I was hesitant about putting this on the blog as I know it’s my third risotto but it’s so different from the other two posts that it merits a post. Also I was quite keen to see how a slow-cooker risotto would come out compared to the usual standing over a pan. There wasn’t much of a difference – maybe a little bit more liquidy but that could have been due to the beetroot which I did use more of than the recipe just due to the size of the packets. My husband has kindly informed me that my picture looks a mess but trust me, it tastes better than it looks. You could switch it up a bit and use goats cheese which is a classic combination with beetroot. I got this recipe from ‘Vegetarian Slow-Cooker’ by Libby Silbermann.
- 400g beetroots (I got the pre-roasted vac packed beetroot)
- 1 tsp fennel seeds
- olive oil
- 100ml water
- 1 onion
- 2 garlic cloves
- 250g arborio rice
- 200ml red wine
- 1 litre vegetable stock
- 100g walnuts
- 100g stilton
- salt and pepper
- 10g dill
1.) Peel and chop the onion. Heat the oil in a frying pan and add the onion, fry for 5 minutes until soft.
2.) In the meantime, peel and chop the garlic then add to the onions after 5 minutes with the fennel seeds and fry for another couple of minutes.
3.) Add the rice and toast lightly for a couple of minutes.
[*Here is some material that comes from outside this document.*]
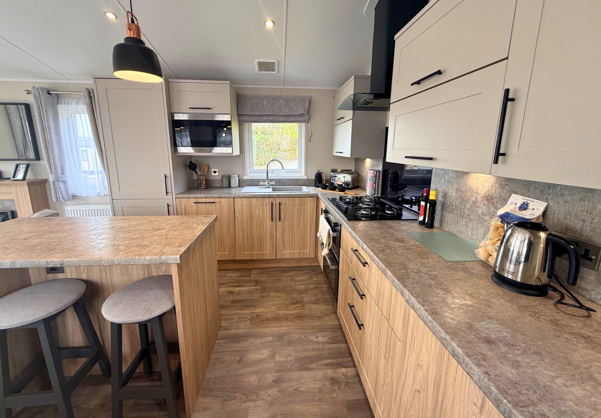 Internal of a caravan kitchen with breakfast bar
Then pour in the wine and reduce down.
4.) While this is reducing, make up the vegetable stock and add 2/3 of the beetroot to a food processor/blender. If using a blender, also add the water. If not, add the water to the mixture afterwards.
5.) Add the rice mixture and the beetroot puree to the slow cooker with the vegetable stock. Cook on a high-heat for 2 hours.
6.) In the meantime, break up the walnuts and lightly toast in a frying pan until starting to be fragrant. Chop up the remaining beetroot into cubes. Chop up the stilton. Finely chop the dill.
7.) When the slow cooker is ready, add the stilton to the pan and stir to melt. Stir through the dill and top with walnuts to serve.